| HN Mirror

Y	Hacker News new \| ask \| show \| jobs

by spondyl 1888 days ago

Ah, a comment where I can put on my SRE (Site Reliability Engineering) hat :)

You're completely right that a 100% availability is unreasonable and often times, never required despite what a customer or site operator may believe.

Just a quick aside, availability (can an end user reach your thing) is often confused with uptime (is your thing up). If I operate a load balancer that your service sits behind and my load balancer dies, your service is up, but not availabile for those on the other side of said load balancer.

With that in mind, Hacker News could be theoretically up 100% of the time but if I go through a tunnel while scrolling Hacker News on my mobile phone, from my perspective, it is no longer 100% available, it is 100% - (period I was without signal) available, from my personal perspective as a user.

The point here is that a whole host of unreliable things happen in every day life from your router playing up to sharks biting the undersea cables.

With that in mind, you then want to go and figure out a reasonable level of service to provide to your end users (ask for their input!) that reflects reality.

It's worth noting too that Google (I don't love 'em but they pioneered the field) will actually intentionally disrupt services if they're "too available" so as to keep those downstream on their toes.
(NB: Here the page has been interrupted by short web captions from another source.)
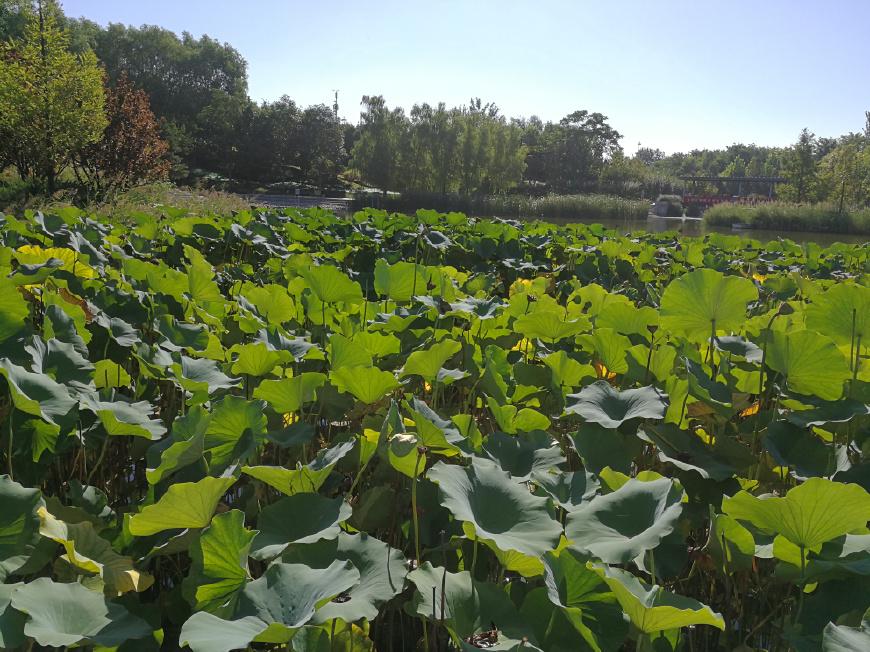 「信用卡欠了2万多逾期快1年了」信用卡欠款12000,已经逾期一年没还了!怎么办?  第1张 「信用卡欠了2万多逾期快1年了」信用卡欠款12000,已经逾期一年没还了!怎么办?  第1张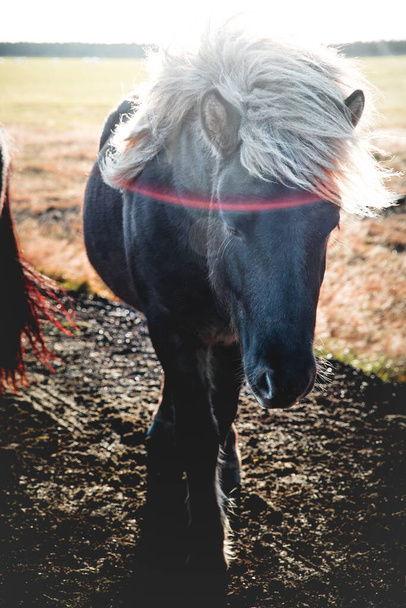 A vertical shot of an Icelandic horse in the field in Iceland - Zdjęcie, obraz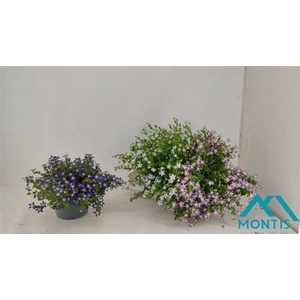 Campanula portenschlagiana Addenda Blue Planet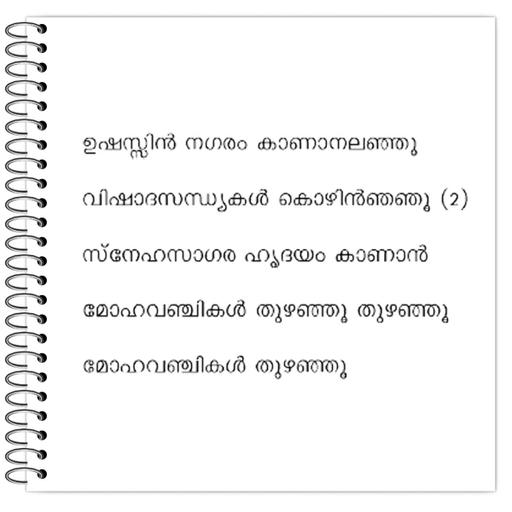 Picture of the product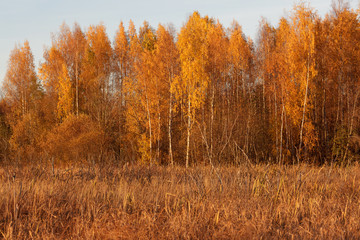 Nature landscape in autumn colors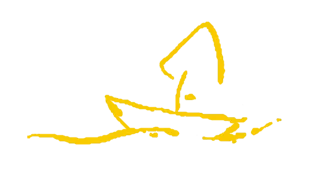 elemento-visuale-barchetta-stilizzata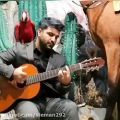 عکس آواز خواندن طوطی همراه مجید خراطها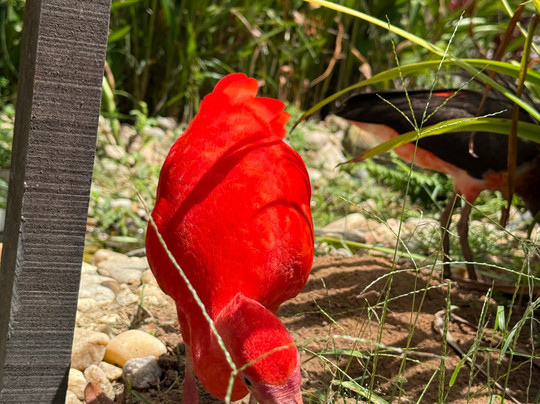 Parque Arvorar-Aquiraz必去景点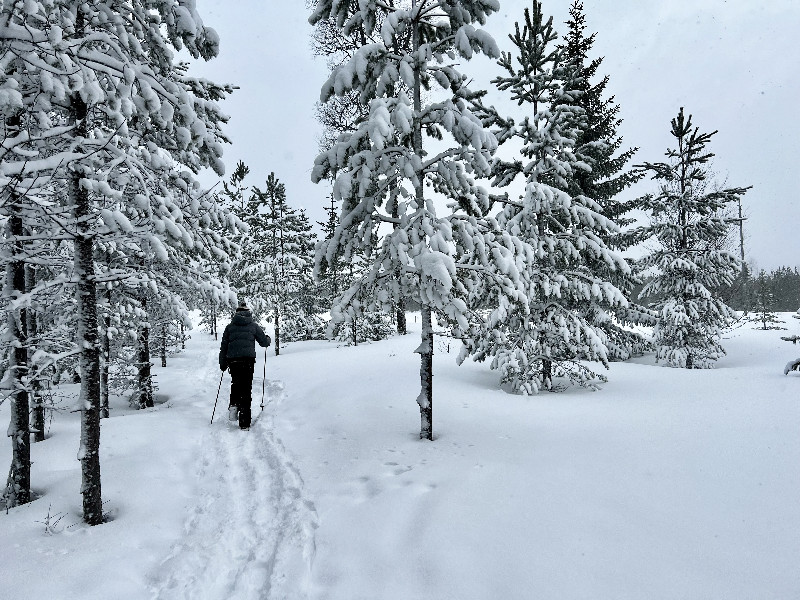 Lara aan de wandel door het bos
It's not actually good for anyone if you have 100% availability in that they make too many assumptions and also, it's just good practice I suppose.

I can recommend reading the SLOs portion of the Google SRE book if you're curious to see more: https://sre.google/sre-book/service-level-objectives/

In short, an SLO is just an SLA without the legal part so a guarantee of a certain level of service, often internally from one team to another.

Ideally these objectives reflect the level of service your customers (internal or external) expect from your service

> Chubby [Bur06] is Google’s lock service for loosely coupled distributed systems. In the global case, we distribute Chubby instances such that each replica is in a different geographical region.

> Over time, we found that the failures of the global instance of Chubby consistently generated service outages, many of which were visible to end users. As it turns out, true global Chubby outages are so infrequent that service owners began to add dependencies to Chubby assuming that it would never go down. Its high reliability provided a false sense of security because the services could not function appropriately when Chubby was unavailable, however rarely that occurred.

> The solution to this Chubby scenario is interesting: SRE makes sure that global Chubby meets, but does not significantly exceed, its service level objective. In any given quarter, if a true failure has not dropped availability below the target, a controlled outage will be synthesized by intentionally taking down the system.

> In this way, we are able to flush out unreasonable dependencies on Chubby shortly after they are added. Doing so forces service owners to reckon with the reality of distributed systems sooner rather than later.